SPNtypeID GPL-3.0 Static Badge

Table of Contents:

Usage
Input
Parameters
Workflow outline
Read trimming and quality assessment
Genome assembly
Assembly quality assessment
Genome coverage
Contamination detection
Serotyping
Output
Results file explanation
Credits
Contributions and Support
Citations

Using the workflow

The pipeline is designed to start from raw, paired-end Illumina reads. Start the pipeline using:

nextflow run SPNtypeID/main.nf --input [path-to-samplesheet] --outdir [path-to-outdir] --ntc_regex [what-expression-to-look-for-in-ntcs] --runname [what-to-call-run] -profile [docker,singularity,aws]

or from github using:

nextflow run wslh-bio/SPNtypeID -r [version] --input [path-to-samplesheet] --outdir [path-to-outdir] -ntc_regex [what-expression-to-look-for-in-ntcs] --runname [what-to-call-run] -profile [docker,singularity,aws]
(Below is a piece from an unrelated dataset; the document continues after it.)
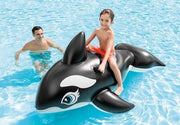 Intex Whale Ride-On 58561 V1032-IXWHALE-58561
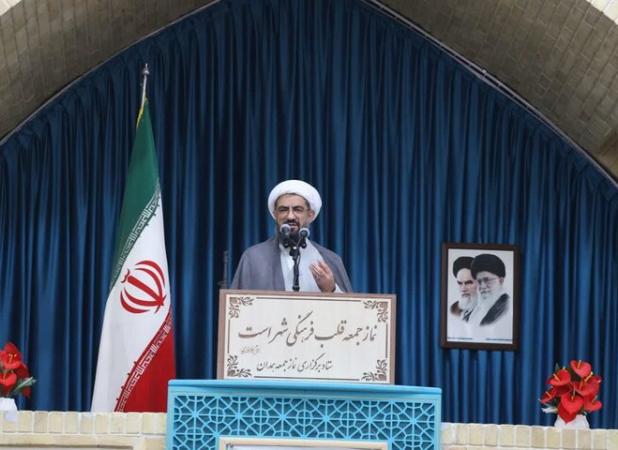 تاکید بر معیشت مردم در اجلاسیه خبرگان رهبری؛ بسته استانی مسکن در همدان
You can also test the pipeline with example data using -profile test or -profile test_full:

nextflow run SPNtypeID/main.nf --outdir [path-to-outdir] -profile test[_full],[docker,singularity]

Input

SPNTypeID's inputs are paired Illumina FASTQ files for each sample and a comma separated sample sheet containing the sample name, the path to the forward reads file, and the path to the reverse reads file for each sample. A sample sheet can be created using the fastq_dir_to_samplesheet.py script or by hand. An example of the sample sheet's format can be seen in the table below and found here.

sample fastq_1 fastq_2
sample_name /path/to/sample_name_R1.fastq.gz /path/to/sample_name_R2.fastq.gz

Parameters

SPNTypeID's main parameters and their defaults are shown in the table below:

Parameter Parameter description and default
contaminants Path to fasta of contaminants for removal, defaults to BBDuk's adapters fasta
maxcontigs Set the maximum number of contigs allowed in an assembly (default: 300)
maxpctother Sets the maximum percentage of reads from other organisms (default: 1.0)
minavgreadq Sets the minimum average read quality score (default: 30)
mincoverage Sets the minimum coverage (default: 40)
minlength Minimum read length for trimming (default: 10)
minpctspn Sets the minimum percentage of reads that must be S. pneumoniae (default: 60.0)
minpctstrep Sets the minimum percentage of reads that must be Streptococcus (default: 80.0)
ntc_regex Regex pattern for identifying no template control (NTC) files. This is a mandatory parameter if a run has an NTC. (default: null)
qualitytrimscore Sets the BBDuk trimming quality score value (default: 10)
trimdirection Sets the BBDuk trimming direction (default: 'lr')

Workflow outline

Read trimming and quality assessment

Read repair, trimming, and cleaning are performed using BBtools v38.76 to repair fastqs with mismatched read numbers, trim reads of low quality bases, and remove PhiX contamination. Then FastQC v0.11.8 is used assess the quality of the raw and cleaned reads. Bioawk v1.0 is used to calculate the mean and median quality of the cleaned reads.

Genome assembly

Assembly of the cleaned and trimmed reads is performed using Shovill v1.1.0.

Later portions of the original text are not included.